I am not sure that counting operations the way you are doing is very relevant to how long it's going to take the CPU to perform these operations. ORs are ridiculously simple to implement in hardware, and it's very likely the CPU will be able to parallelize a bunch of them. Stores and loads from L1 cache are incredibly fast too.

Doing an extra OR (like taking the union of rook and queen) can often be scheduled together with other operations, so it's effectively free.

My best attempt at measuring how long it takes to compute those 11 ORs tells me it takes 5 cycles.

Rein Halbersma · Post by **Rein Halbersma** » Mon Apr 22, 2013 9:52 pm

hgm wrote:Well, that is even worse, right? With 6 piece types the color boards each need you to OR 6 boards, which you then have to or together to get occupancy (12 loads, 11 ORs, 3 stores, plus 2 loads, 2 XORs and 2 stores to update the mover and victim piece types).
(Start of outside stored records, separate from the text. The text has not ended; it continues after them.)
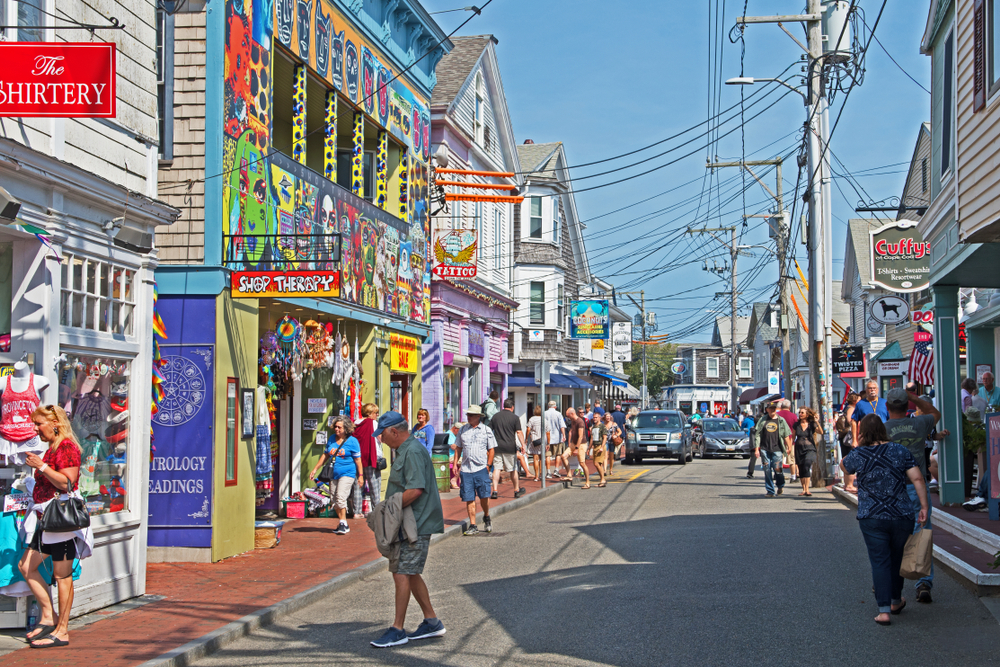 Shops lining the street of Provincetown pictured during the high-traffic time during the summer for a piece on Where to Stay in Cape Cod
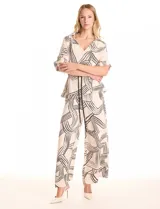 Conjunto de dos piezas compuesto por una camisa de cuello solapa con escote en V y mangas cortas con trabilla, y un pantalón estilo palazzo de tiro alto con cintura elástica y bolsillos laterales. Ambas prendas presentan un estampado geométrico lineal en tonos neutros y se complementan con un cordón trenzado para ajustar la cintura.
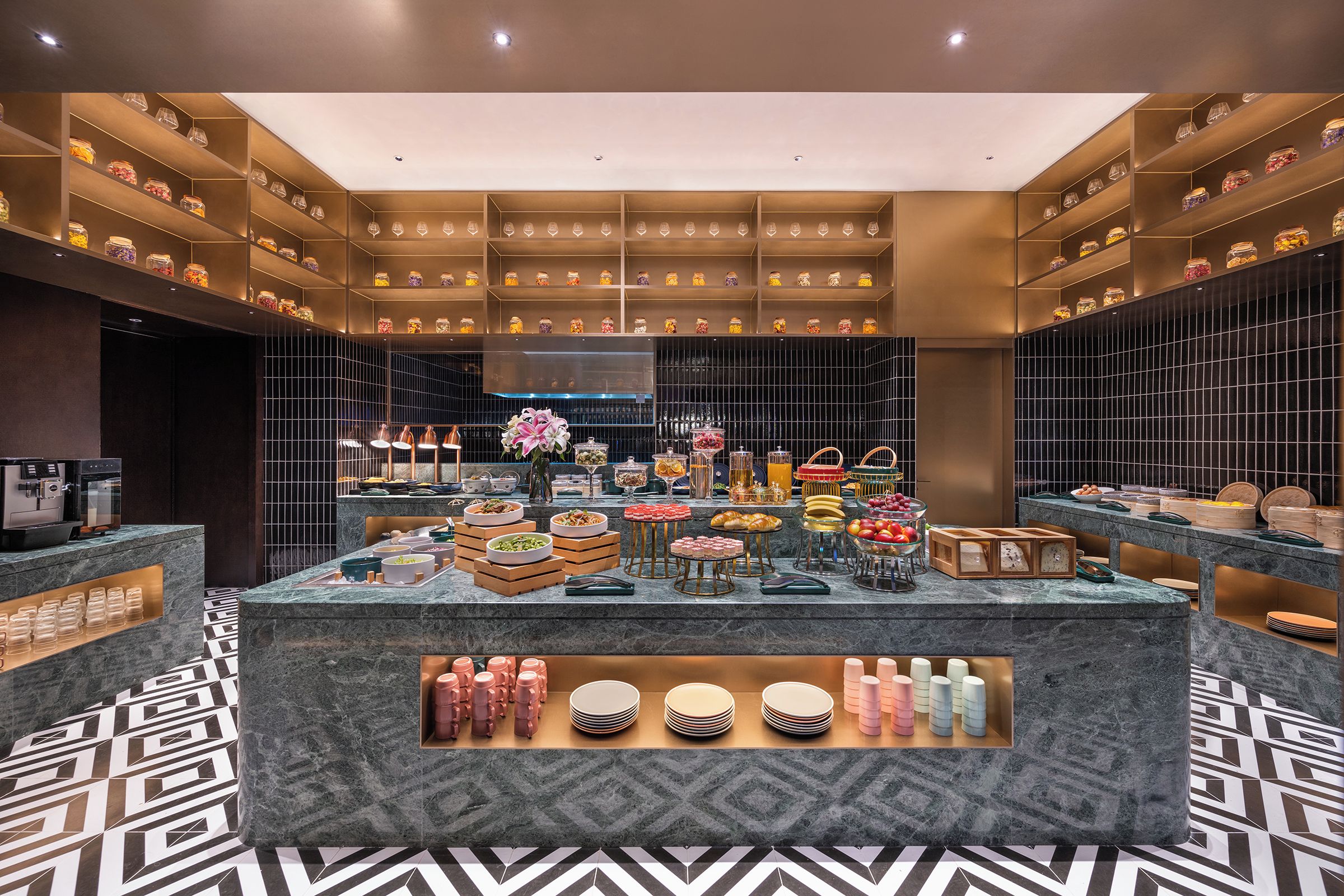 Un área de desayuno moderna y bien iluminada, con una isla central, repisas con frascos y un piso con diseño.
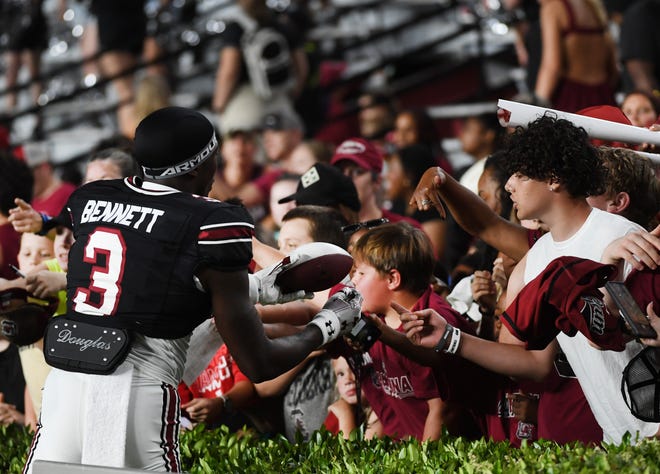 The University of South Carolina Spring football game took place at William-Brice Stadium on April 24, 2024. USC's Mazeo Bennett (3) from Greenville High greets fans on the sidelines.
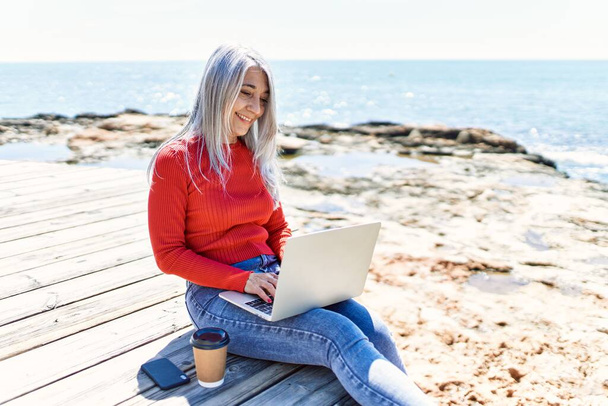 Medioevo donna dai capelli grigi utilizzando computer portatile seduto sulla panchina in spiaggia. - Foto, immagini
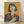May include: Framed vintage-style Japanese Coca-Cola advertisement poster with yellow-orange background featuring woman with black bob haircut holding classic Coke bottle, displayed against white wall on wooden floor. Red Japanese characters overlay the blue-toned illustration in retro pop art style with weathered texture effects.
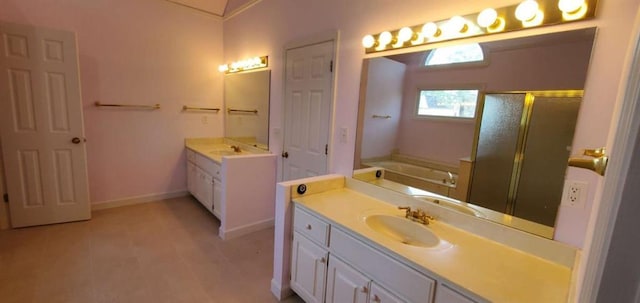 full bathroom with a garden tub, a shower stall, baseboards, and vanity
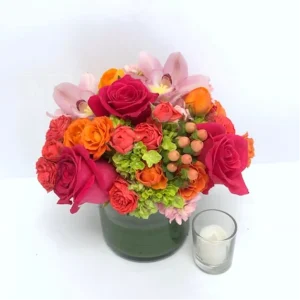 Mother's Day bouquet with bright roses, orchids, and hydrangeas in a glass vase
Updating color incrementally (and occupancy from those) would just require 2 loads, 2 XOR, 3 stores (so 6 loads, 4 XOR, 1 OR and 5 stores in total).

Mailbox would require 1 load, 1 XOR (to create a zero) and 2 stores.

This does not take into account saving stuff for the later UnMake (which in the mailbox case would just be 1 load, 2 stores).

Having Q on separate boards from R and B would require you to alway test two boards if you want to know if a piece is attacked from a given direction. (E.g. the RookAttacks board on the King square would have to be ANDed with both opponent Q and R to detect if you are in check. Which loses you time there.

Isn't having 2 color boards + 6 piece_type boards a good compromise? MakeMove takes 2 updates (one for the color, one for the piece type) and using Occupied takes 2 loads + 1 xor. Bitboards are a tradeoff: you gain some by doing pattern matching across squares in parallel, but you lose some by needing supporting data to also get patterns within squares (i.e. which color/piece occupy a single square).

hgm · Post by **hgm** » Mon Apr 22, 2013 10:18 pm

Well, let me stress I have never written a bitboard program, but I am not sure why it would matter whether you have a full set of type-boards for each color or share them. You would only update one of them anyway (or two, for a capture). It seems just a nuisance that you would have to add an extra &myPieces or &hisPieces in every test you do. I cannot imagine situations in which you would be interested to get all Bishops (say) of both colors.

The way I imagine a bitboard MakeMove would work is:

Code: Select all

Make:
  change = square[move->from] | square[move->to];
  capture = square[move->to] & occupied;
  pieceType = ?; // from move struct? 
  myPieces[pieceType] ^= change;
  myPieces[COLOR] ^= change;
  victimType = ?; // not sure how you would get this at all
  hisPieces[victimType] ^= capture;
  hisPieces[COLOR] ^= capture;
  occupied = myPieces[COLOR] | hisPieces[COLOR];
UnMake:
  myPieces[pieceType] ^= change;
  myPieces[COLOR] ^= change;
  hisPieces[victimType] ^= capture;
  hisPieces[COLOR] ^= capture;
  occupied = myPieces[COLOR] | hisPieces[COLOR];

hgm · Post by **hgm** » Mon Apr 22, 2013 10:24 pm

AlvaroBegue wrote:I am not sure that counting operations the way you are doing is very relevant to how long it's going to take the CPU to perform these operations. ORs are ridiculously simple to implement in hardware, and it's very likely the CPU will be able to parallelize a bunch of them. Stores and loads from L1 cache are incredibly fast too.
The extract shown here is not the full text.